My parents were kinda generous on my natal day. They had given me a little money to spend on my own. So I decided to treat with my most lovable there is in the mortal world; food. Food has never disappointed me. My cousins thought about the idea so I spend a thousand on that one. Only half a thousand left. That was suppose to be my gift like some pair of shoes perhaps yet the day dragged me on spending it with high school friends. Quite ironic, my original close friends in high school aren’t there anymore but still we do have communication. I kinda want to spend my day again with them if I’m to be honest. Yet time let me introduce more on some of my classmates that ended up having to be with them. These guys are quite ok but nothing can replace the closest ones before. Good for them that they were allowed to be in Cebu just to unwind from work, no way in hell am I allowed that kind of unwinding. So there I have no money left for me and they were kinda eager on having this small time reunion, so I wasn’t regretting it.

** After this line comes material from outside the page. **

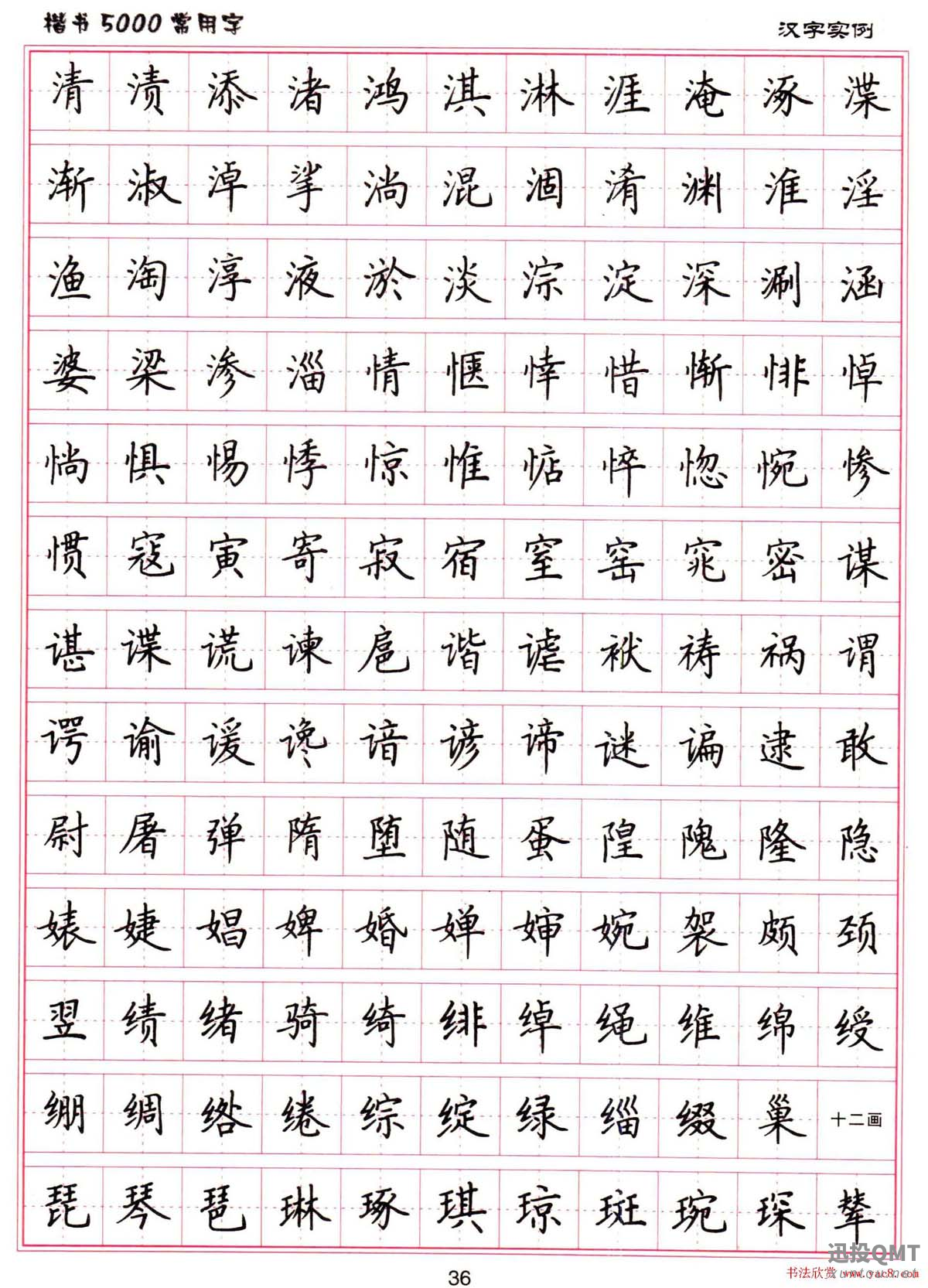 f12b298a15eb79b3b41ca52c4277d44a.png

at Brew's Point and Diva Karaoke

On the same day, bad news went around with my roommates. My cousin got her phone stolen on the jeepney. I was having a hard time mentally accepting it since the moment she told me through a call I thought she was laughing. Yeah I was a meany but really I don’t know how to handle some situations like that, hate being the eldest though. The shit part would be a pain for her. Telling her mom wasn’t an easy task since they have their own issues too. Really I want to butt in and defend on her since her mom is pressing her too hard. Seeing her talking to her mom on the phone and then hang up is kind of a way that she’s punishing her child unfairly. Hearing stuff that she would be transferred to another school or returning home because she broke her trust. I don’t get it, she should be thankful that her daughter is ok. Just for one lousy accident, she said some things about that. Really my cousin is not even like me, the one who tells lies on my parents sometimes just to get on my way! She’s a better child with that. I have no idea how my grandmother raised her children but that is just plain awful. Her mom should consider that her child is on the process of learning like that. Yes these words are one sided and I have no idea on what the other party have reasons with. I just want to defend a person who is not guilty about. Plus her mom and my dad are somehow similar but my mom is the one who balances stuff like that on the four of us.


My day turned out fun and with a lesson. Clearly I have 2 pending events that I should spend with people I love. The financial problem would be a pain but it would be worth it.


One thing that amused me earlier on my birthday was that someone greeted me unexpectedly. For years he never greeted me and that goes for me to him as well. It’s no biggy but kinda surprising.